Brief: Below are lines of data, and only some are wanted. Please repeat exactly those from the line that has "Neon Vertical Photo" through the line that has "Cute Gold Boho".

Available data:

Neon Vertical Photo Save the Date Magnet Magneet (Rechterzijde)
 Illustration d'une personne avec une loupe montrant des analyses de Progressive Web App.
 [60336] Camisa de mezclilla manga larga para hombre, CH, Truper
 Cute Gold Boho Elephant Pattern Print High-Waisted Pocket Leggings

--

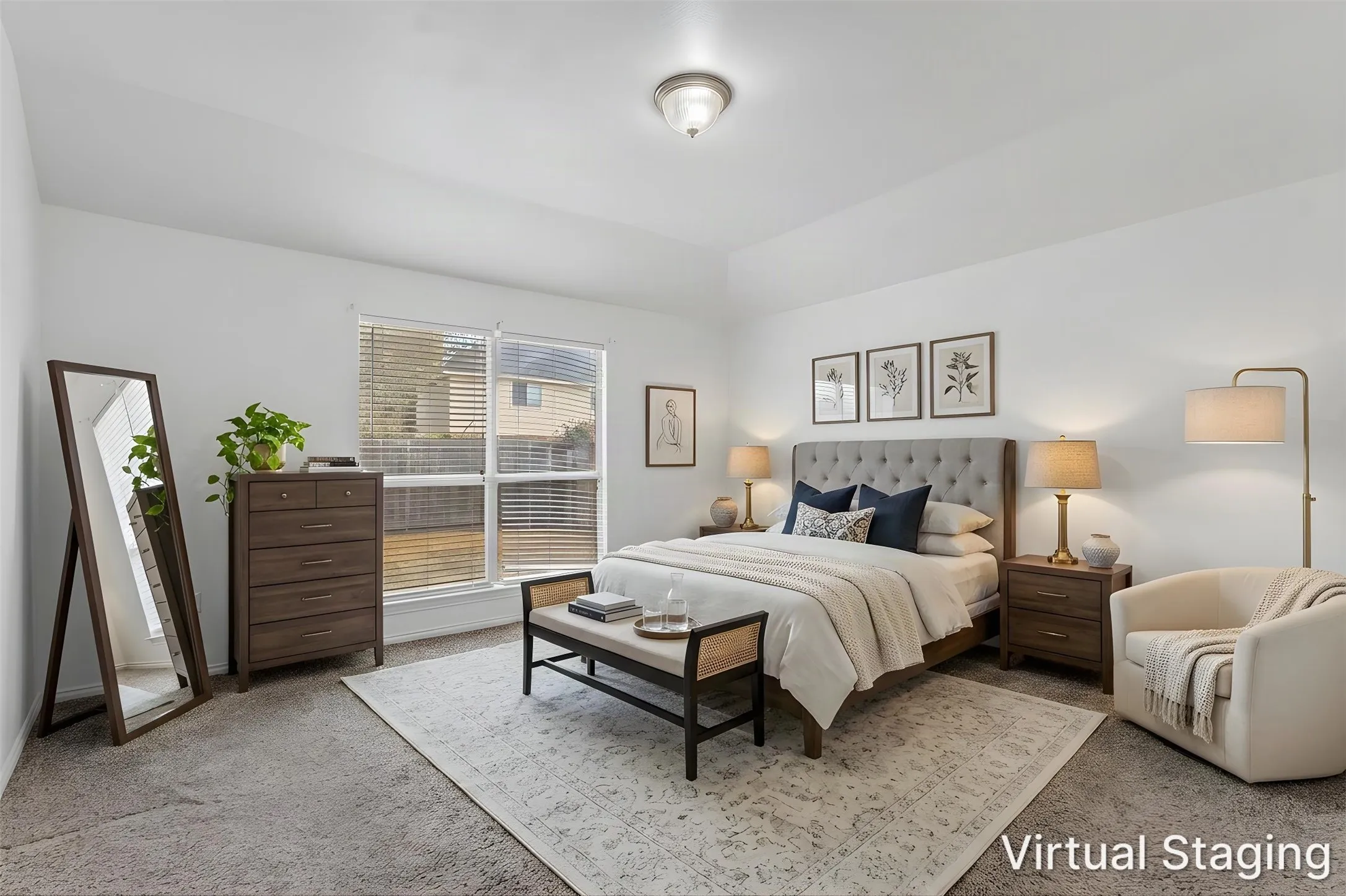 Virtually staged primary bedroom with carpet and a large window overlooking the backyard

* * *

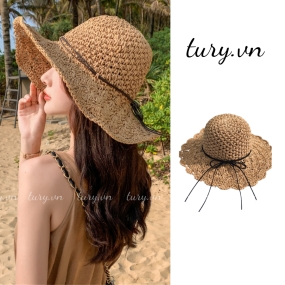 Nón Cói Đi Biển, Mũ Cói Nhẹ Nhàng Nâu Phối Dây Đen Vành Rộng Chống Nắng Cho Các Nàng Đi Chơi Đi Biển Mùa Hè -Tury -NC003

Exercise answer:
Neon Vertical Photo Save the Date Magnet Magneet (Rechterzijde)
 Illustration d'une personne avec une loupe montrant des analyses de Progressive Web App.
 [60336] Camisa de mezclilla manga larga para hombre, CH, Truper
 Cute Gold Boho Elephant Pattern Print High-Waisted Pocket Leggings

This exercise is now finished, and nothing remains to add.